MM : Le placement de produits est-il ouvert à toutes les marques, même aux plus petites ?


J.-M L : Oui, le placement de produits concerne toutes les marques sans discrimination... Certes les “grandes” marques sont celles qui sont le plus présentes à l'écran. Parce qu'elles peuvent éventuellement négocier leur présence à des tarifs plus intéressants pour les producteurs. Mais également parce que leur pouvoir d'évocation est naturellement plus important. Mais a contrario, en 2006, on a pu récemment remarquer la marque de vêtements Analog dans Antartica, prisonniers du froid, la marque de jouets Graco dans Superman returns ou encore les produits laitiers Farmland Dairies dans Camping Car. Et pourtant, toutes ces marques ne sont pas leaders sur leurs marchés respectifs. Les personnages peuvent être en contact de marques peu connues, dès lors que leur présence est cohérente, qu'elle se justifie au vu du scénario, et que leur intégration à l'écran est faite au bénéfice partagé de la marque et du film. Un “bon” placement part toujours d'un besoin du scénario pour lequel on identifiera la marque idoine, et non d'une marque qu'on fera rentrer de force dans l'histoire.

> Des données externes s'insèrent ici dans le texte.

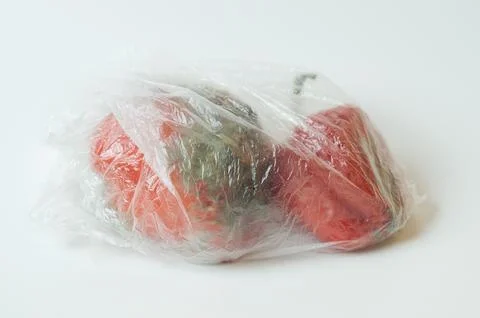 Plastic bag with two spoiled rotten tomatoes on white background. Stock Photos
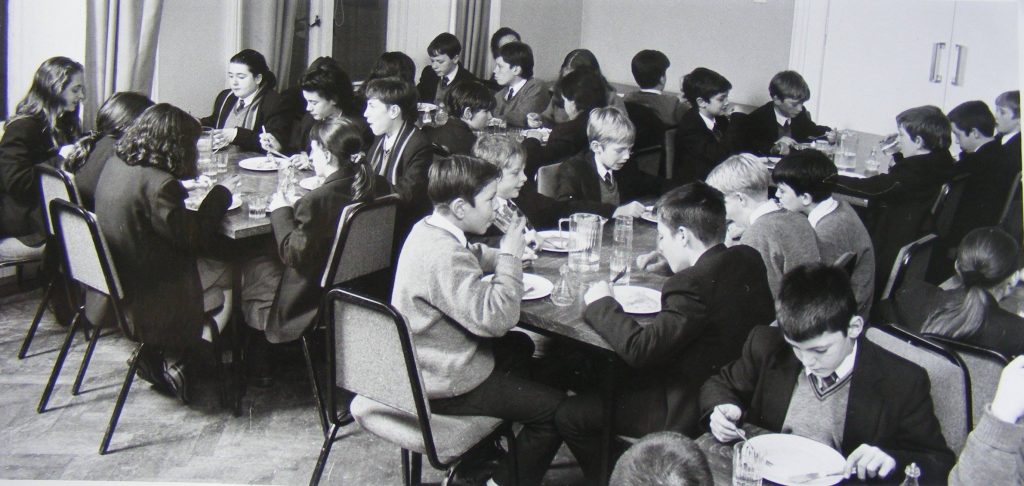 A group of students dining in a hall at Murlough House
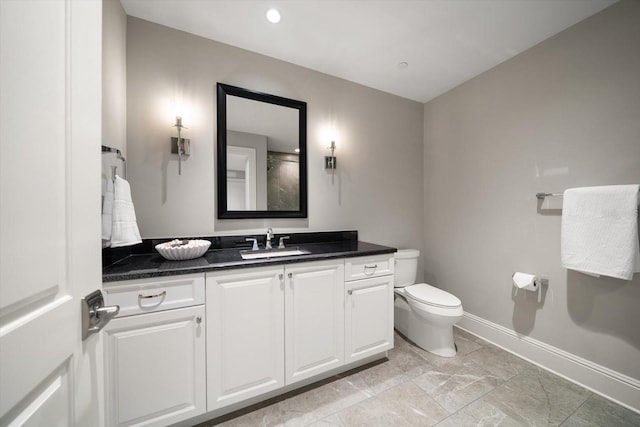 12 Country Club Ln, Belleair, FL 33756 - bathroom with vanity, toilet, baseboards, and recessed lighting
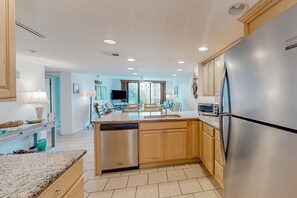 Enjoy cooking in this well-lit kitchen with a central island, dishwasher, refrigerator, and oven.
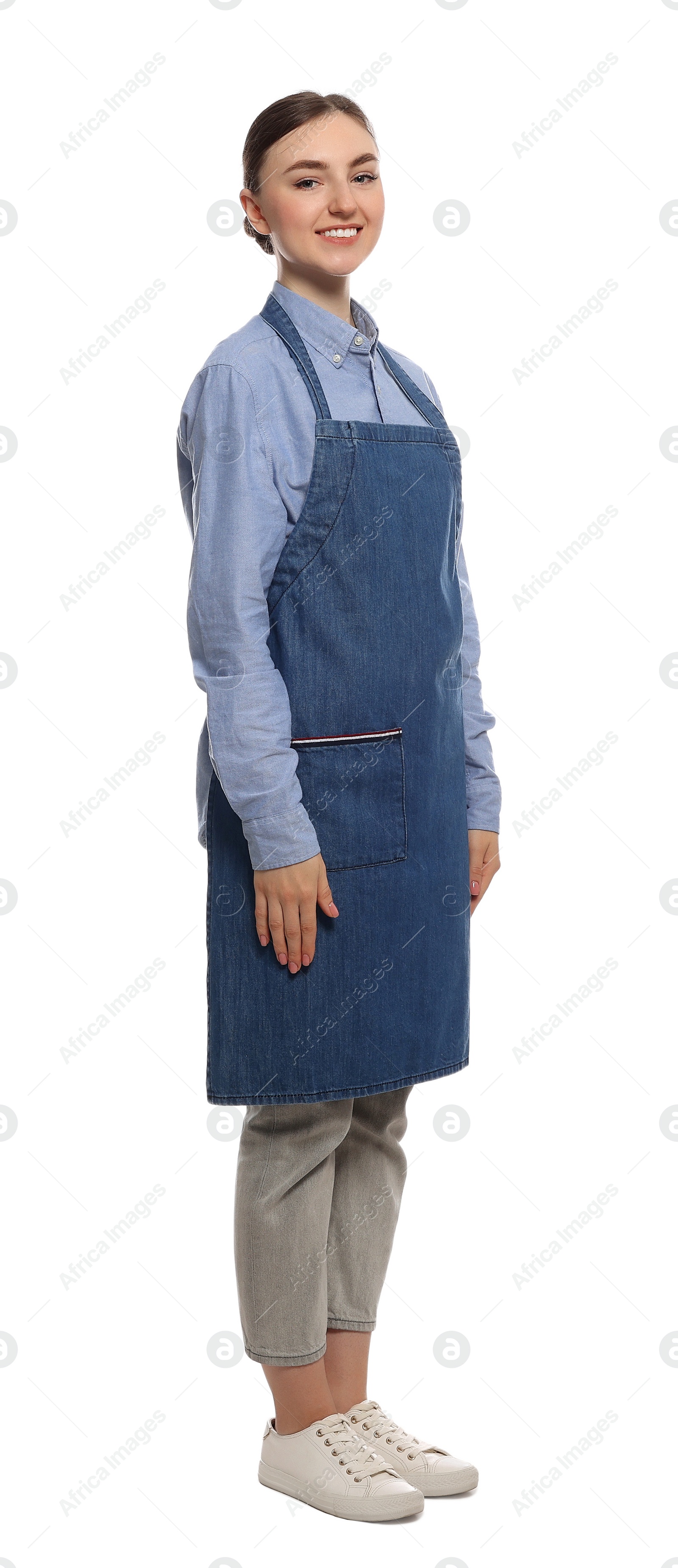 Photo of Beautiful young woman in clean denim apron on white background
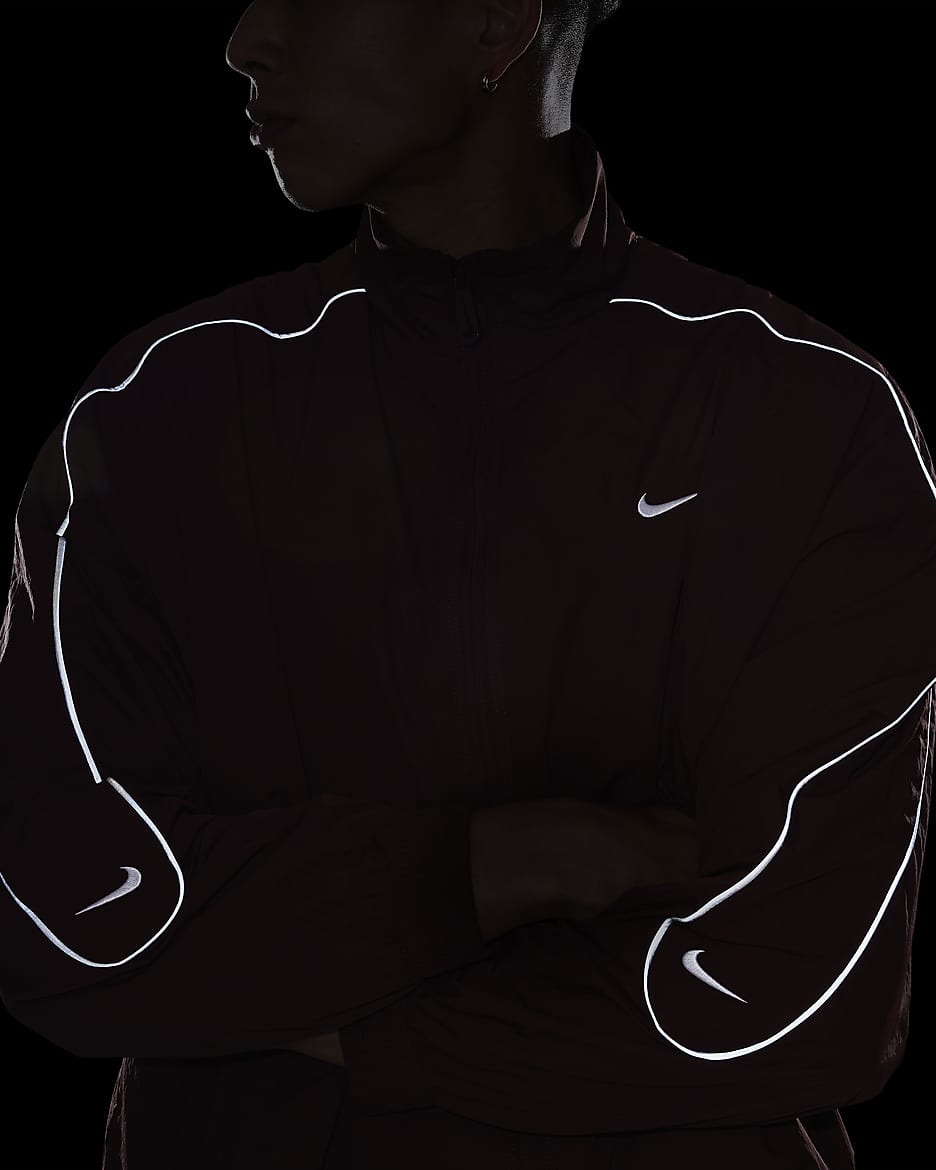 Nike reflective tracksuit hotsell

MM : En est-il de même pour les jeux vidéo ?


J.-M L : Le cas des jeux vidéo est très intéressant, car bien que beaucoup plus récent que celui rencontré dans les films, il suit les mêmes objectifs et les mêmes recommandations. A l'instar des films, les opportunités de placements ne concernent que les jeux se déroulant dans un monde représentant la réalité. Or, depuis que les jeux vidéo existent, l'objectif numéro un de ces jeux est justement de se rapprocher le plus possible de la réalité en termes de graphisme. Certains jeux d'aventures (Le Parrain, Bons Baisers de Russie…), utilisent des avatars qui sont à l'image d'acteurs réels de cinéma. Des jeux de sport (Fifa, NHL, Tony Hawk…) reprennent trait pour trait ceux de sportifs de la discipline. Si la réalité de notre quotidien comporte des marques, il paraît alors logique de les retrouver dans le jeu. Une course automobile dans des automobiles anonymes ou des joueurs de football avec des maillots portant des logos de marques inconnues pourrait même paraître étrange.

MM : Est-ce que l'arrivée des annonceurs dans ce milieu va inviter les éditeurs à davantage marketer leurs produits ?


J.-M L : Les coûts de développement des jeux étant toujours plus élevés et les chances de succès réservées à quelques titres seulement chaque année, il peut être intéressant, voire salutaire pour le développeur, de bénéficier d'un apport financier provenant des marques. Dans le futur, l'interactivité galopante des jeux devrait permettre des placements de plus de plus en plus personnalisés et de plus en plus de connexions potentielles directes avec les marques rencontrées au cours du jeu. La chose est encore plus facile avec les jeux en ligne. Dès lors que la plate-forme aura identifié le joueur sur des critères de segmentation particuliers, l'insertion de marques spécifiques pour ce joueur est alors un jeu d'enfants… et d'adulte

Les jeux vidéo en chiffres


500 millions de joueurs dans le monde. 16 millions de joueurs en France. 9 heures par semaine sont consacrées aux jeux par les joueurs européens dont 3,77 heures avec des amis. 33 % des Européens jouent en réseau avec la France et l'Allemagne en tête de liste (source Massive).